2022 outlook: Parting the way for media in the cloud

2022 outlook: Parting the way for media in the cloud

By Meir Lehrer, VP, Portfolio Development, MediaKind January 17, 2022 | 3 min read
ABR, AWS, Azure, Broadcaster

A new year calls for a refreshed outlook on the trends and technologies set to influence how the media industry operates over the next 12 months. But some of the so-called ‘transformations’ reported in the industry during 2021 are still taking some time to materialize. For that reason, my predictions for the year ahead are more continuations and developments from trends that have been in progress for some time. They are defined and underpinned, and in many instances accelerated, by the ongoing wholesale migration to the public cloud by all parties across the media value chain.

  • There will be more public-cloud-first deployments

The public cloud will remain a mainstay among media service deployments in 2022. Media organizations have gone beyond the experimental phase of public cloud, and it now forms the main part of their strategy for service deployments or prototyping. Between content owners, broadcasters, and operators, there is now space and a special relationship for the main public cloud platforms in their operations.

In 2022, the biggest shift we will see in public cloud deployments is the transition towards managed cloud applications (MCA), with media organizations moving beyond multi-vendor or traditional software-as-a-service (SaaS) deployments. Launching new public cloud-based endeavors out of a vendor’s SaaS positioning utilizes the vendor’s account in the public cloud, which doesn’t afford the TV operator much variety, customization, or flexibility. In an MCA deployment, the software is deployed and managed by the vendor but within a customer’s own cloud account. This has the benefit of using a customer’s preferred CSP vendor, typically selected as part of a wider company transformation, while taking advantage of agreements and spending commitments with that CSP for media applications.

This trend is more of a refinement of where we saw things when the concept of SaaS took off. Media organizations are now running their services slightly differently to harness more flexibility and customization. Plus, global shortages, supply chain issues, and transformations are driving a faster move away from on-premises infrastructure towards the cloud. Running the service out of a customer’s public cloud account gives them faster speed to market, enables a combined development and operations (DevOps) approach, and all the pluses of a SaaS platform.

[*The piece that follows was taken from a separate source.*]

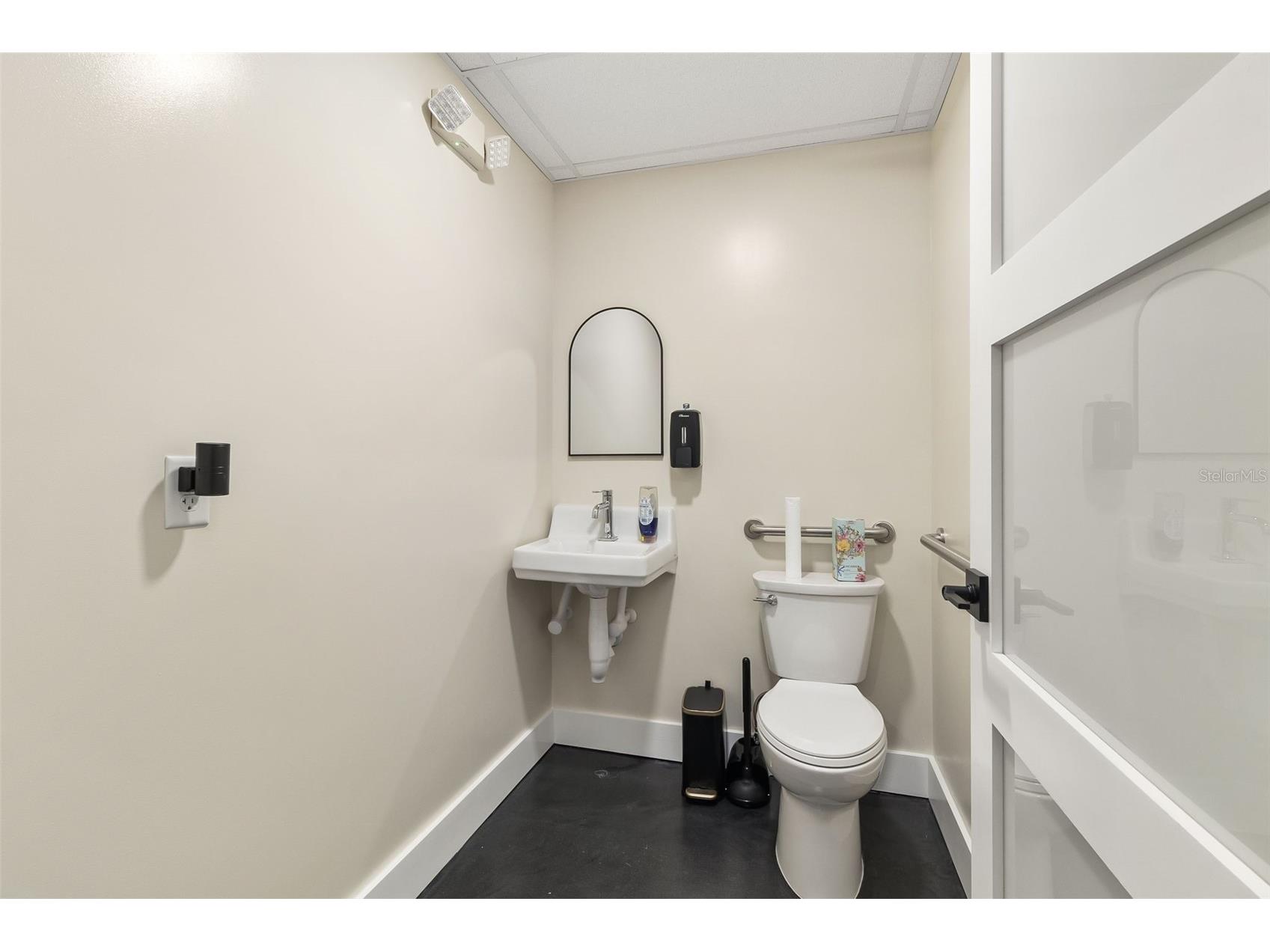 1900 Tamiami Trail #C & D Punta Gorda FL 33950 C7527500 image18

  • We will see increased streaming and the ongoing transition towards ABR

Multichannel Video Distributors (MVPDs) and broadcasters will continue to launch more streaming platforms of their own. This will impact the virtual MVPD (vMVPD) market, which is experiencing mounting competition in the face of more direct streaming by broadcasters. As a result, we’ll see a lot more appetite for unicast IP streaming services, both on the part of the consumer and the broadcasters, who are now fully engaged in providing their own adaptive bitrate (ABR)-based unicast IP streaming services, whereas they might not have been before.

Broadcasters will continue providing constant bitrate (CBR) broadcast-type quality services to their MVPD customers (including cable, telco, and satellite operators) as a contribution or distribution agreement. However, these customers now all have streaming engagements of their own, and as the market matures, we’ll see a natural evolution across the board towards more ABR-driven services.

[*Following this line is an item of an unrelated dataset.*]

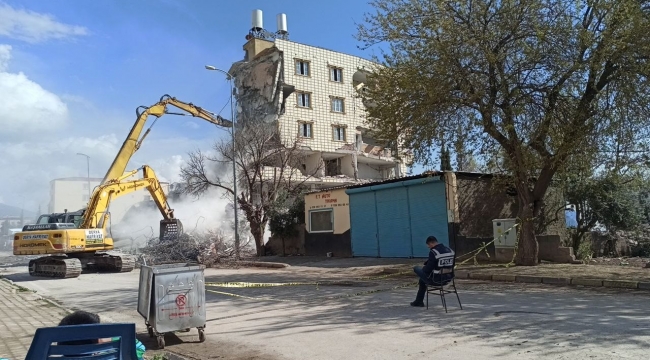 Depremde hasar gören binaların yıkımı devam ediyor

  • The transition away from broadcast CBR continues

Until recently, broadcasters have mainly delivered multicast services to TV operators and MVPDs, which are then delivered to a broadcast channel over a cable or telco network. This reality is quickly changing, however, as the pervasiveness of streaming continues.

Now MVPDs provide a growing amount of content through streaming, which is solely unicast and over IP by nature. It means we’ll increasingly see broadcasters go direct-to-consumer (D2C) to maintain engagement with their audiences, increase the flexibility of their operations and grow the monetizable potential of their content. D2C streaming can only be done via ABR and over IP, which, largely speaking, can only be done unicast as there’s no mature solution for multicast IP over the open internet. However, research and development initiatives remain ongoing and innovation within multicast delivery solutions over public infrastructure remains a very reasonable possibility for 2022.

  • Live without limits will become paramount among media priorities

Given the intersection of increased ABR, transitioning away from broadcast CBR, and migration to mainstay managed cloud applications noted above, there will be an inexorable need to drive a reliable, broadcast-quality of experience of OTT and streaming at scale plus the ability to monetize it through new media money models. This will focus primarily on higher-value live programming. This “live without limits” approach will become a top driving priority in media planning by content providers, MVPDs, as well as OTT and streaming operators.

These increasing trends – streaming, IP-first, and unicast – are all facets of the same gem. They are all part and parcel of the continued shift away from broadcast and CBR delivery mechanisms towards ones more suited for streaming functionality. The result will see broadcasters, TV operators, and MVPDs deliver better technology investments, more agile operations, and ultimately, enhanced media experiences.